§ Data extract
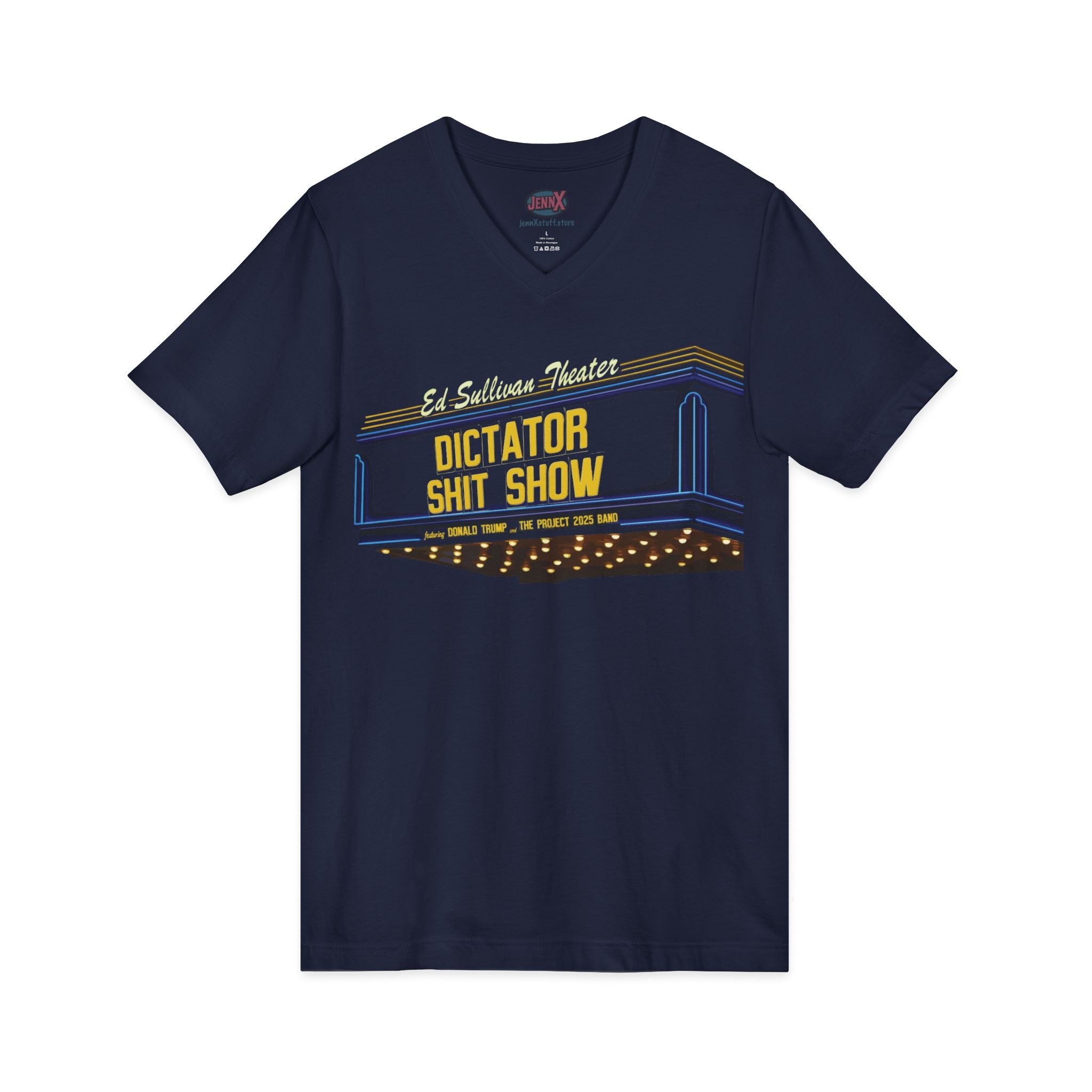 Colbert, Kimmell, free speech shirt - " The Dictator Shit Show Featuring Donald Trump and The Project 2025 Band"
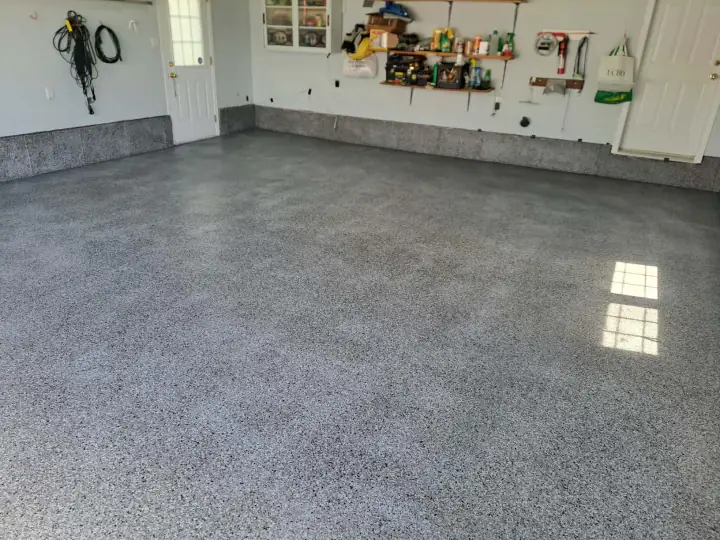 Grey finished garage coating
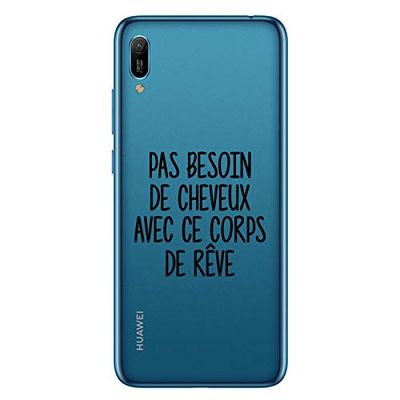 Zokko Beschermhoes voor Huawei Y6 2019, met droomlichaam, zacht, transparant, zwarte inkt.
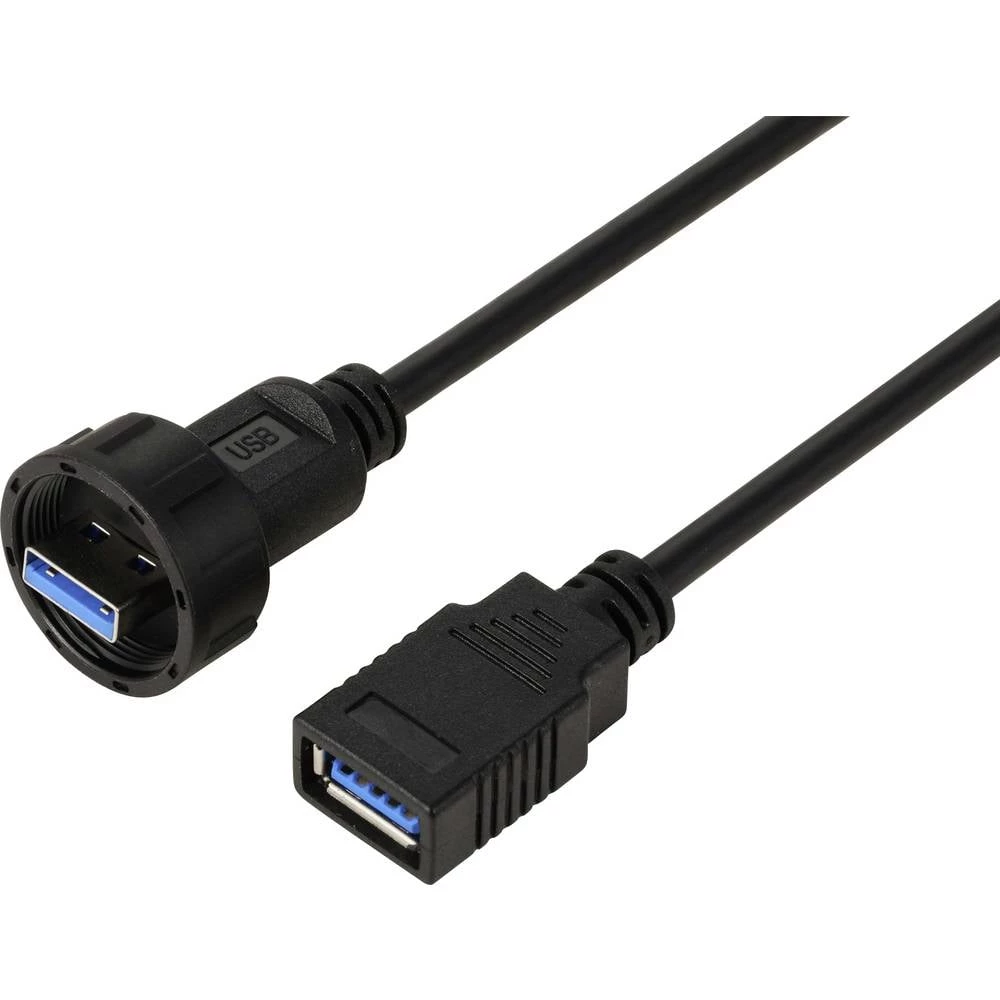 USB 3.0 ženski na muški, IP67 (navoj), kabel 0,5 m TC-E13T-MU3-MWA/FU3-NWA-0.5PV-S Vodootporni plastični kabel TC-135435 slika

§ Prompt
Word for word, give the listing above again, but drop any pictures.

§ Response below
 Colbert, Kimmell, free speech shirt - " The Dictator Shit Show Featuring Donald Trump and The Project 2025 Band"
 Grey finished garage coating
 Zokko Beschermhoes voor Huawei Y6 2019, met droomlichaam, zacht, transparant, zwarte inkt.
 USB 3.0 ženski na muški, IP67 (navoj), kabel 0,5 m TC-E13T-MU3-MWA/FU3-NWA-0.5PV-S Vodootporni plastični kabel TC-135435 slika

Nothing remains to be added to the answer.